← back
ENGtoID
Seq2Seq · LSTM · PyTorch · NLP · Machine Translation · Data Preprocessing · Tokenization
Overview
ENGtoID is a sequence-to-sequence neural machine translation system that translates English
sentences into Bahasa Indonesia using an LSTM encoder-decoder architecture.
The plots show the training and validation performance of the model, demonstrating dips in accuracy
caused by experimental teacher forcing
The project was built as an end-to-end ML pipeline, covering dataset ingestion, cleaning,
vocabulary construction, training, evaluation, and error analysis at scale (~1M sentence pairs).
Pipeline Design
- Dataset download from HuggingFace (opus-Indonesian-to-English)
- Regex-based cleaning and filtering of noisy sentence pairs
- Vocabulary construction with ~250k combined tokens
- Token → index encoding with fixed special tokens
- PyTorch Dataset + DataLoader pipeline for training
Model Architecture
- Encoder: LSTM encodes English sentence into fixed context vector
- Decoder: autoregressive LSTM generates Indonesian tokens
- Loss: CrossEntropy with padding ignored
- Embedding size: 512 hidden dimensions
Training Strategy
- Trained on ~1M sentence pairs using RTX 4090 (cloud)
- Multi-phase learning rate schedule (from 1e-3 → 1e-5)
- Teacher forcing ratio gradually reduced to improve inference robustness
- Batch size adjustments to stabilise later-stage training
Key Engineering Decisions
- Adam optimizer for stable convergence on large-scale dataset
- Single-layer LSTM chosen over deeper stacked variants for capacity efficiency
- Explicit vocabulary control to ensure reproducibility
- Manual dataset pipeline for full training transparency
Evaluation
- Token-level accuracy used for training monitoring
- BLEU scoring used for validation evaluation
- Observed plateau after early training epochs (~50%+ accuracy)

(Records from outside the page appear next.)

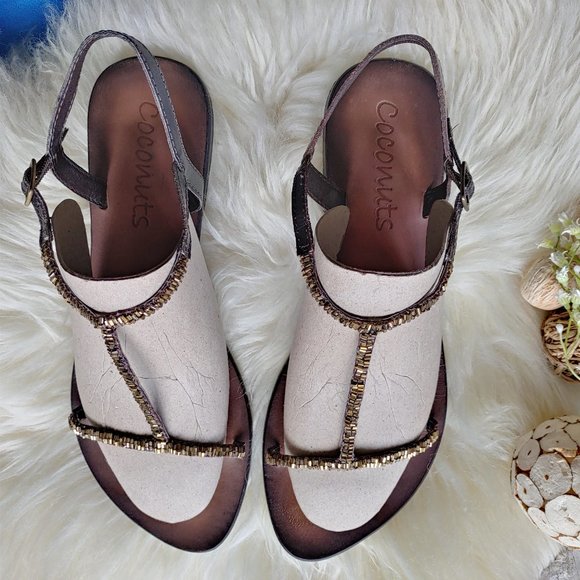Matisse Ankle Strap Flat Sandal Shinny Beads (9 US) - Picture 13 of 14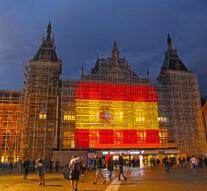 CS Amsterdam in colors Spanish flag
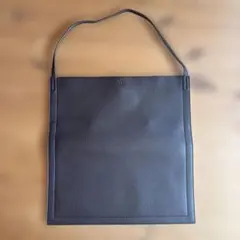 ダークブラウン レザートートバッグ　ワンハンドル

- Validation set significantly smaller than training set (~0.2%)
Error Analysis
- Punctuation and sentence termination errors (
., ,, <EOS>)
- Word order inconsistencies in generated output
- Difficulty with pronouns and function words
- Frequent
<UNK> substitutions for rare tokens
Limitations
- Whitespace tokenisation (no BPE / subword modelling)
- Vocab coupling to training artifacts (non-portable checkpoints)
- Weak validation split (~2k samples)
- LSTM architecture limits long-range dependency modelling
Future Improvements
- Replace tokenizer with BPE or SentencePiece
- Upgrade to Transformer architecture with attention
- Improve dataset splitting for proper generalisation metrics
- Add model checkpoint migration tooling